Setelah kita berhasil memenuhi kebutuhan dengan bekerja keras, berjuang untuk keluarga bertempat tinggal, berkorban habis-habisan demi pendidikan anak, dan berapa banyak waktu yang kita gunakan untuk memperjuangkan agar kita bisa mendapatkan surganya Allah yang dijamin kebenarannya?
Sudah semestinya sebagai hamba yang baik, kita mengabdikan diri kepada Allah dengan perasaan sukacita dan bahagia di hari-hari terakhir Ramadhan kita, mengayakan diri dengan Alquran dan apa-apa yang terkandung di dalamnya.
Memperhatikan kembali secara detail tentang penciptaan diri kita dan apa yang Allah sudah berikan sebagai fitrah kepada kita dan apa yang kelak kita dapat berikan dari fitrah itu untuk senantiasa menyucikannya?

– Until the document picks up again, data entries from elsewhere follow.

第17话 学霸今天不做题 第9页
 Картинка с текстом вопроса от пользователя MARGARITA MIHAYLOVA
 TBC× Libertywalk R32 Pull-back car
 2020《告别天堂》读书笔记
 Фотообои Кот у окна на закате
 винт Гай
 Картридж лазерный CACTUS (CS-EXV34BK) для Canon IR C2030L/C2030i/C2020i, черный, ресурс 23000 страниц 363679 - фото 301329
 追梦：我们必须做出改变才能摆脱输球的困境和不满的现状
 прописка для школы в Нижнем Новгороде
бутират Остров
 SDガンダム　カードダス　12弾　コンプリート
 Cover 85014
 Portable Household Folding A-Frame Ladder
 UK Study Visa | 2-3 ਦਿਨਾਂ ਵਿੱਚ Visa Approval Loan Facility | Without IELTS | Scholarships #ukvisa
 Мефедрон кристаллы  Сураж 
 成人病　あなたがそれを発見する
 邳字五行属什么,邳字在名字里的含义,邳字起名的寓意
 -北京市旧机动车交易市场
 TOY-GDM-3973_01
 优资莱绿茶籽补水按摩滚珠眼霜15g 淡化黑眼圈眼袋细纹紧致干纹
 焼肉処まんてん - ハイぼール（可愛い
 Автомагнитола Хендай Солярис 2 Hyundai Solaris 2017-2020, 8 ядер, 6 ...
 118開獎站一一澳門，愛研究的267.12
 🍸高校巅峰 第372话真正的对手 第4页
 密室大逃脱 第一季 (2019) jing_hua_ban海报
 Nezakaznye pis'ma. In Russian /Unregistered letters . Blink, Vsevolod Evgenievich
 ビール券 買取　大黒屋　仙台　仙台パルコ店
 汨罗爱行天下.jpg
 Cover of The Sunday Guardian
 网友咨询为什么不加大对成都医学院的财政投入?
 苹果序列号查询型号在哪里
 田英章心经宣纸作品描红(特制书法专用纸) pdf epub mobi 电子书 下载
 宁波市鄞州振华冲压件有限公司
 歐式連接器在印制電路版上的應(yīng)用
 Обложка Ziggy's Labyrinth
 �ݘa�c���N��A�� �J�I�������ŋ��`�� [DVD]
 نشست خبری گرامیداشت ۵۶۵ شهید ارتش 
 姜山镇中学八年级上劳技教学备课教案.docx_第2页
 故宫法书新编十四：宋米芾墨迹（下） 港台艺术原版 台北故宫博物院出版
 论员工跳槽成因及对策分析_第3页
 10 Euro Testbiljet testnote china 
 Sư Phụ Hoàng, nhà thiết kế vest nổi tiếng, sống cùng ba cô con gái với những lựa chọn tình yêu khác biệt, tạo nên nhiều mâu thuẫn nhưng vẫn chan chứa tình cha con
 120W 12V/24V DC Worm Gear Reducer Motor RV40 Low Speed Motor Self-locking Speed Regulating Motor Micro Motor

Bukankah sudah merupakan kewajiban bagi kita, penciptaan Allah atas diri kita dalam sebaik-baiknya bentuk (fii ahsani taq -wiim), dapat kita zakatkan demi terpancarnya Islam sebagai rahmatan lil’alamiin? Sehingga, setelah berakhirnya Ramadhan, kita mendapati jiwa kita sebagai jiwa-jiwa yang baru, yang merasakan bagaimana sensasi kemenangan sejati. Yang bukan menggadaikan materi demi kemenangan sementara, tapi berani dan berlatih menggadaikan dirinya kepada Zat yang Mahakekal.